Viele moderne Digitalkameras verfügen über eine ähnlich per KI angelernte Motiverkennung, um z. B. auf Fahrzeuge, Flugzeuge, Tiere und andere bewegliche Motive scharf stellen und mit dem Fokus rasend schnell verfolgen zu können. Auch hier muss meist vorher im Menü festgelegt werden, worum es sich handelt. Bislang hat meines Wissens nur Canon in der R-Serie eine Funktion, um die unterschiedlichen Motivarten zuverlässig automatisch auseinander halten zu können. Das wäre auch für das AX Visio praktisch.
Die Identifikation erfolgt so: Modus einstellen, Tier anvisieren und die Auslösetaste halb gedrückt halten, sodass die Kamera scharf stellen kann, dann durchdrücken. Im HUD erscheint nun ein Name oder ein Hinweis, falls das Tier nicht identifiziert werden konnte. Allerdings leider alles nur auf englisch. Bei Tiernamen empfinde ich als Laie das manchmal als schwierig. Hier ein paar Beispiele:
Die Blaumeise wurde erkannt und im Display als "American Blue Tit" identifiziert. In der Fotos-App unter "Infos" wird "Blaumeise" angezeigt. Hierbei scheint es sich aber um eine Identifikation von iOS selbst zu handeln. Siehe Erläuterung unten.
Ein wichtiger Hinweis noch: Mit dem Auslösen der Tiererkennung wird praktischerweise immer auch ein Foto geschossen. Identifizierte Tiernamen werden in den Metadaten unter "Image Description" gespeichert. Diese Daten werden offenbar von iOS nicht ausgelesen. Wenn ein Tiername wie "Blaumeise" in Fotos angezeigt wird, ist das offenbar nur die Erkennungsfunktion der Fotos-App. Seltsamerweise werden mir diese Namen in Fotos nicht immer angezeigt.
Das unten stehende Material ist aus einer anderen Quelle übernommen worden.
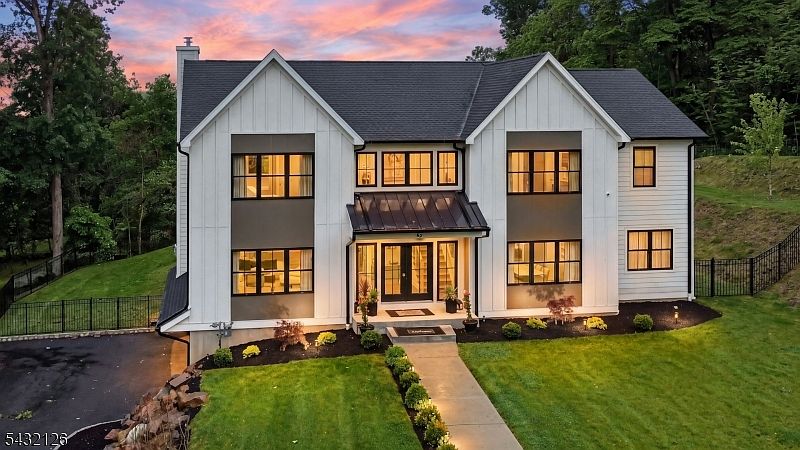 1st image of 49 Upper Dr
Die Rate der richtig erkannten Tiere ist, wenn die Voraussetzungen stimmen, sehr hoch, aber nicht perfekt. Und das System kann sich täuschen lassen und erkennt manchmal auch Tiere, die keine sind. Ein Beispiel:
Unter dem Strich ist die Tier-Identifikation eine tolle Hilfe für alle Hobby-Naturbeobachter und sicherlich auch hier und da für den Profi. Schade nur, dass keine deutschen Namen angezeigt werden. Voraussetzung für das Gelingen ist, dass Säugetier oder Vogel eine kurze Zeitlang einigermaßen still sitzen, was gerade bei kleinen nervösen Vögeln selten der Fall ist. Hier braucht man oft etwas Geduld, um den richtigen Moment abzupassen. Eine Identifikation im Flug geht theoretisch auch, ist aber sehr schwierig.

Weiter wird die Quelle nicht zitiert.